Aim of the task — Within the entries below, please retype exactly the lines starting with the line that has "黄色玫瑰躺在白色的背景上" and going on through the line that has "разрешение 2560x1600 Загрузить", but not the pictures.

[Scraped caption text data]
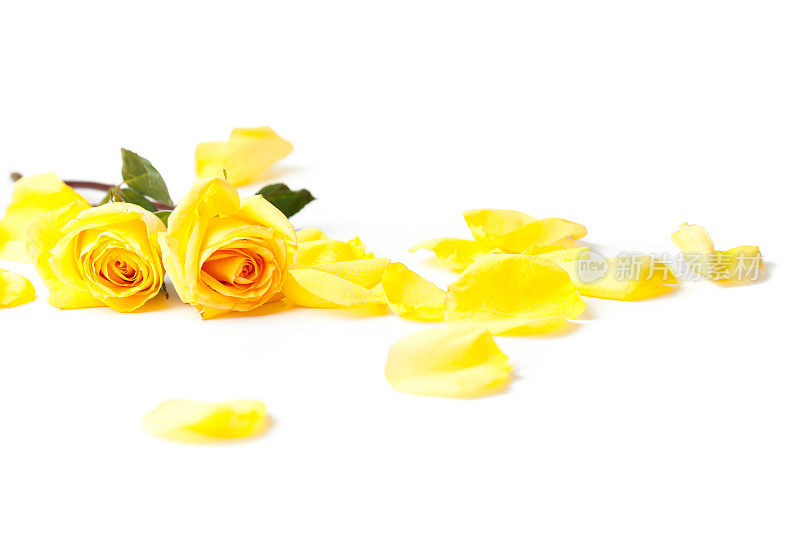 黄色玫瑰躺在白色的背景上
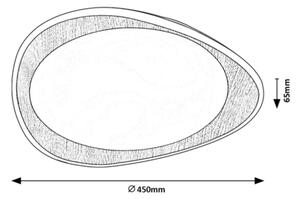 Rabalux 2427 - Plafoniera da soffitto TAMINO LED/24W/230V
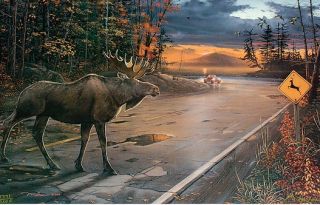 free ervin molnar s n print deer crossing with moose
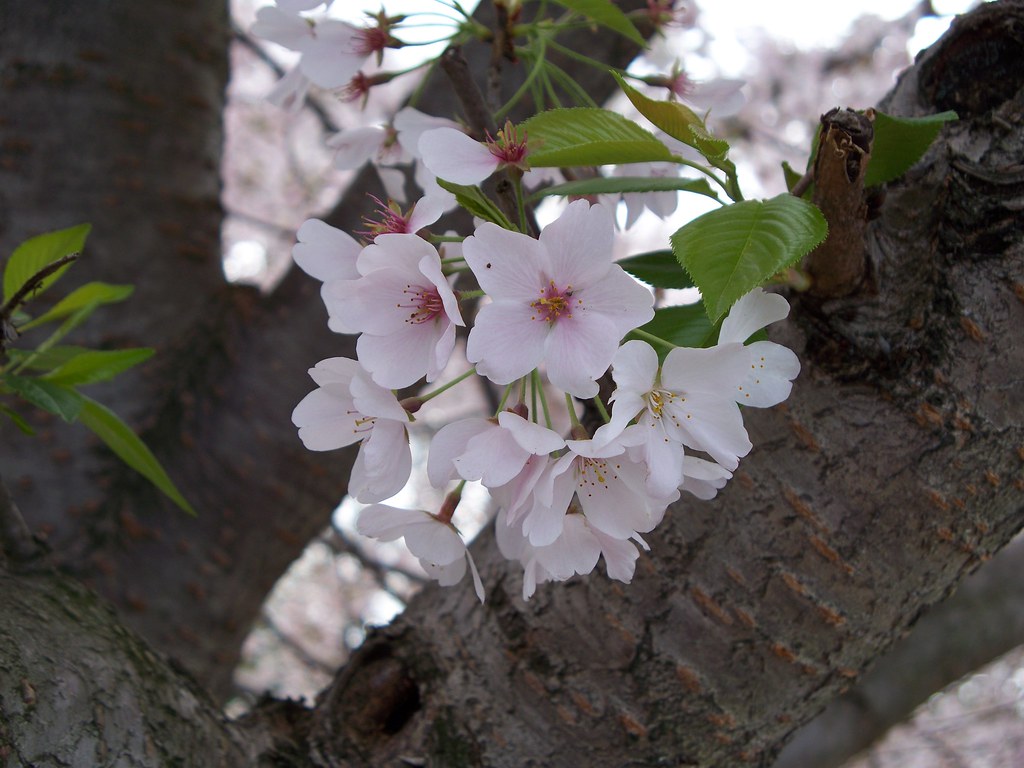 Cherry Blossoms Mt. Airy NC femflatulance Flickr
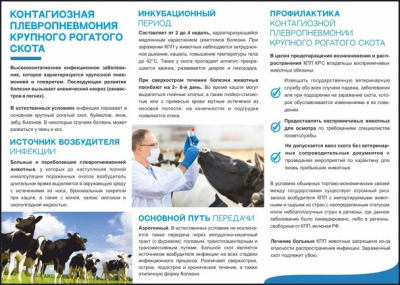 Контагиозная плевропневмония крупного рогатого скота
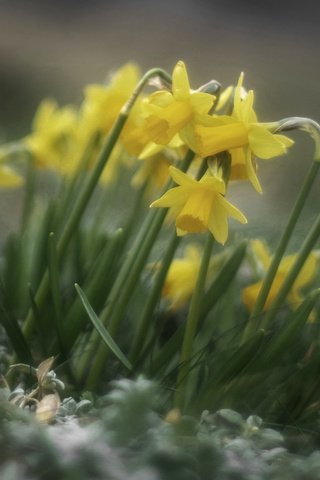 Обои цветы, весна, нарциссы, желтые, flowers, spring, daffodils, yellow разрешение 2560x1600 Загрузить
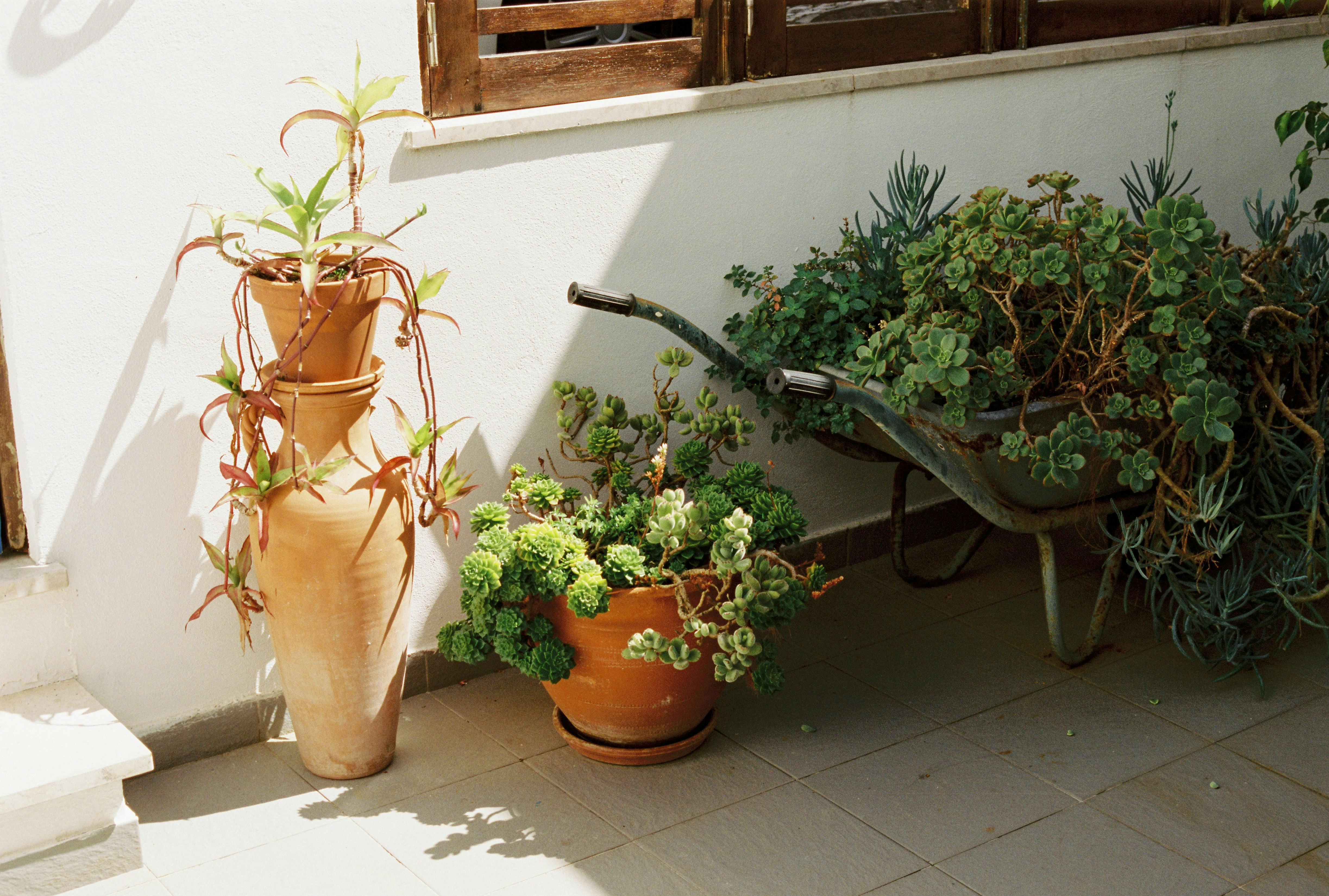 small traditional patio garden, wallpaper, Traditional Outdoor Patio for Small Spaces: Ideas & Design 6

* * *

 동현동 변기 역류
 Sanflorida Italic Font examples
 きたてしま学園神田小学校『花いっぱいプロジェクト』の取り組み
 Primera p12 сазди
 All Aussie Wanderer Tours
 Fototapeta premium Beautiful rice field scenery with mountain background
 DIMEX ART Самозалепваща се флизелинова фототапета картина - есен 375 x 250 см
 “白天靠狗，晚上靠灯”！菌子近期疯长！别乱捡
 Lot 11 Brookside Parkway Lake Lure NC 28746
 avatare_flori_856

Solution to this exercise —
 黄色玫瑰躺在白色的背景上
 Rabalux 2427 - Plafoniera da soffitto TAMINO LED/24W/230V
 free ervin molnar s n print deer crossing with moose
 Cherry Blossoms Mt. Airy NC femflatulance Flickr
 Контагиозная плевропневмония крупного рогатого скота
 Обои цветы, весна, нарциссы, желтые, flowers, spring, daffodils, yellow разрешение 2560x1600 Загрузить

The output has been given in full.